On le voit, la notion de standard en informatique est
avant tout pragmatique. On est bien loin de la notion
de "norme". Pour s'en convaincre, il suffit
de s'arrêter sur les formats de document de Microsoft
Office. Ces formats (qu'il s'agisse de Word, d'Excel,
de Powerpoint, etc.) ne sont évidemment pas des
standards de droits. En revanche, ce sont des standards
de fait, à tel point que des outils concurrents
(comme Open Office, suite bureautique dont le code source
est ouvert) affichent parmi leurs qualités premières
leur aptitude à gérer ces formats...
Standard = interopérable ?
Pour achever d'esquisser cette notion de standard informatique,
ajoutons encore que la conformité d'un logiciel
avec un standard ne garantit pas qu'il puisse fonctionner
exactement comme un autre logiciel qui se conforme avec
ce même standard - les multiples incompatibilités
entre les navigateurs Web ou encore les serveurs d'applications
"J2EE" l'illustrent assez bien. En effet,
parce qu'un standard est jugé incomplet par des
éditeurs ou encore parce que sa spécification
ne donne pas tous les détails de sa mise en oeuvre,
il laisse de la place à des interprétations.
Interprétations qui, si elles se répandent
suffisamment sur le marché, peuvent être
considérées comme des standards de fait
et parfois être entérinés comme
des standards de droit par les organismes de standardisation
! - phénomène que l'on observe par exemple
actuellement dans le domaine des réseaux sans-fil.

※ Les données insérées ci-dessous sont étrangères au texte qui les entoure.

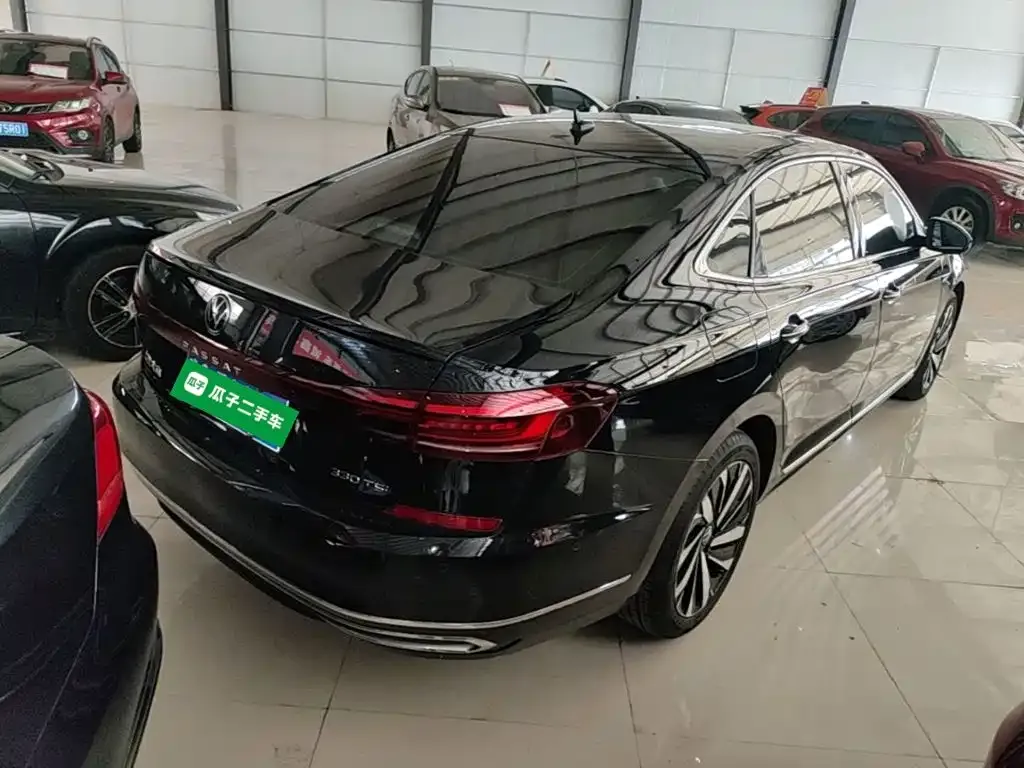 Volkswagen Passat — фото 8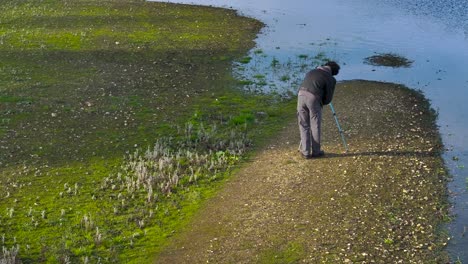 Un-Fotógrafo-Profesional-Que-Utiliza-Una-Cámara-Con-Trípode-Para-Hacer-Turismo-Por-La-Naturaleza.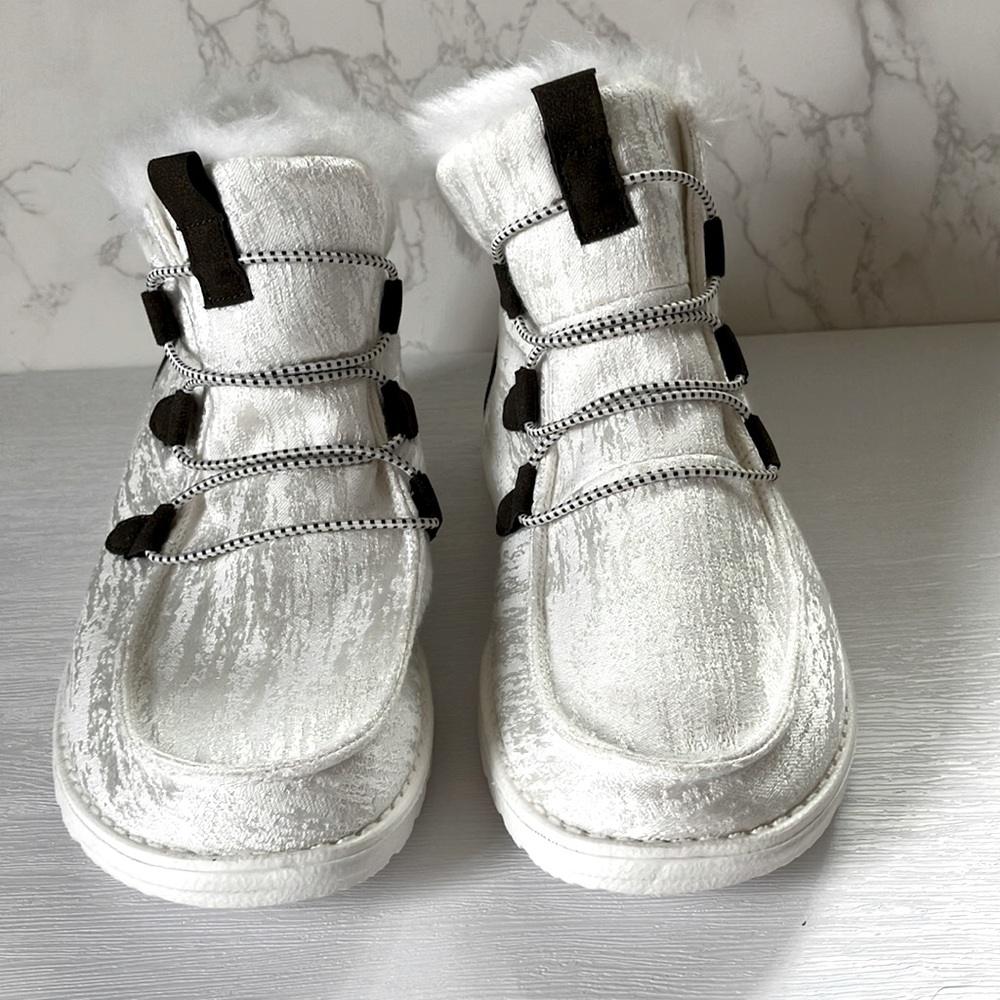New hey dude women’s white fur lined boots size 10 no box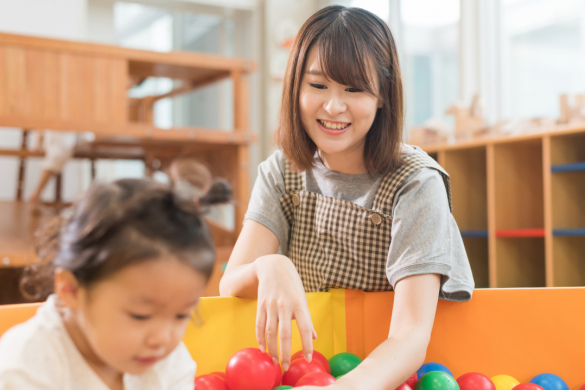 【認可保育園の保育士】季節のお休み充実、遊びを通して学ぶ保育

Dans cette confusion inhérente à la réalité
du "standard informatique", sur quels critères
l'utilisateur peut-il s'appuyer pour conduire ses choix
technologiques ? Comment peut-il évaluer la pérennité
d'un standard ? Si nous devions retenir un critère,
sans doute choisirions-nous le nombre de grands éditeurs
impliqués dans le standard, avant même
de nous demander s'il est ou non validé par un
organisme reconnu. Tout en gardant à l'esprit
que la conformité à un standard d'un logiciel
ne représente pas à elle seule une garantie
d'interopérabilité avec les autres logiciels
mettant en oeuvre ce même standard. C'est frustrant
mais c'est ainsi. La frontière entre ce qui est
standard et propriétaire ne dessine pas deux
camps opposés de fournisseurs de technologies
; elle existe en fait au sein même de chaque offre,
dans le détail technique de leur mise en oeuvre.